Short descriptive text snippets:
+ + + + +
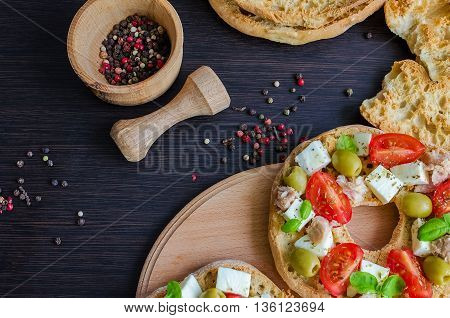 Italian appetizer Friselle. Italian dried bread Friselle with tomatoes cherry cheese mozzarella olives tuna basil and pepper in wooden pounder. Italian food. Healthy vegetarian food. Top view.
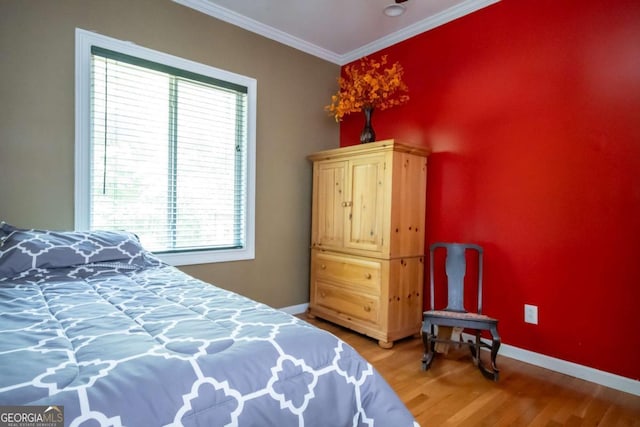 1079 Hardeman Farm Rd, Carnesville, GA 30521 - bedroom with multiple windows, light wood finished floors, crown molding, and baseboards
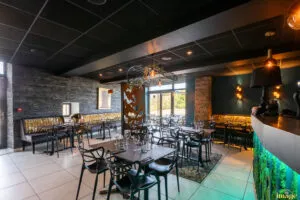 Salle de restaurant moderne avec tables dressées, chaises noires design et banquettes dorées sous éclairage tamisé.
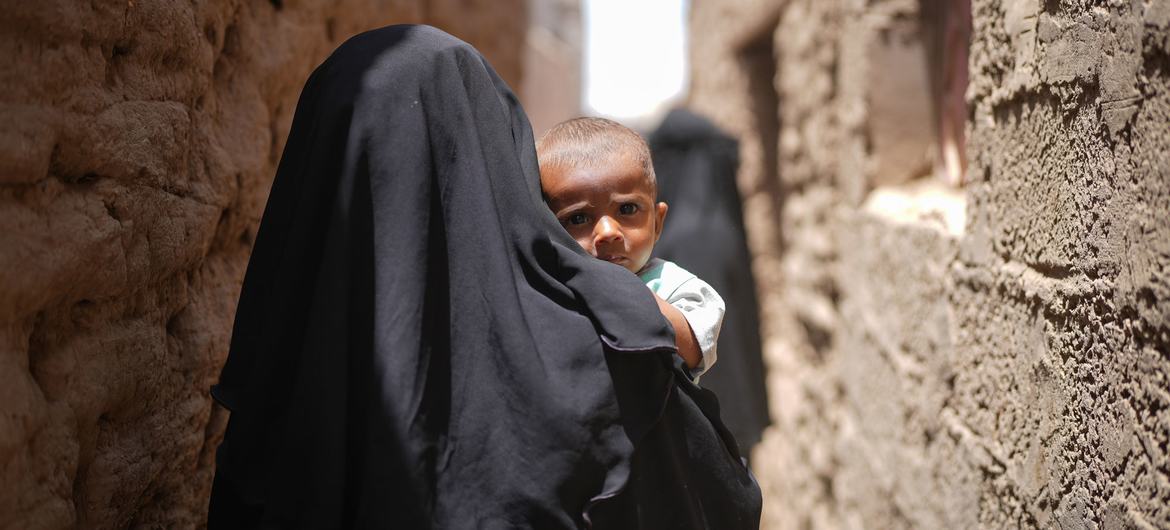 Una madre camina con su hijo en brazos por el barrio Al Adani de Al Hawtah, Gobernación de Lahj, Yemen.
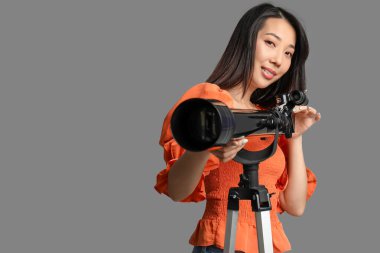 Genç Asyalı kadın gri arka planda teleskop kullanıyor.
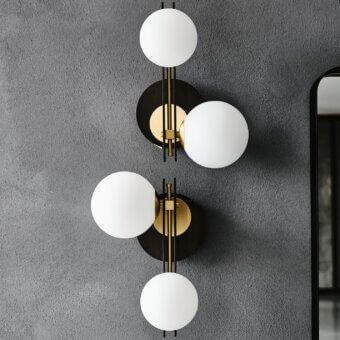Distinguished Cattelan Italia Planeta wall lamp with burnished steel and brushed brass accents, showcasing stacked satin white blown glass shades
+ + + + +
Description of the task: All lines from the one containing "Salle de restaurant" to the last line of the records above, and no others, should be returned unchanged, without pictures.

Solution to this problem:
 Salle de restaurant moderne avec tables dressées, chaises noires design et banquettes dorées sous éclairage tamisé.
 Una madre camina con su hijo en brazos por el barrio Al Adani de Al Hawtah, Gobernación de Lahj, Yemen.
 Genç Asyalı kadın gri arka planda teleskop kullanıyor.
Distinguished Cattelan Italia Planeta wall lamp with burnished steel and brushed brass accents, showcasing stacked satin white blown glass shades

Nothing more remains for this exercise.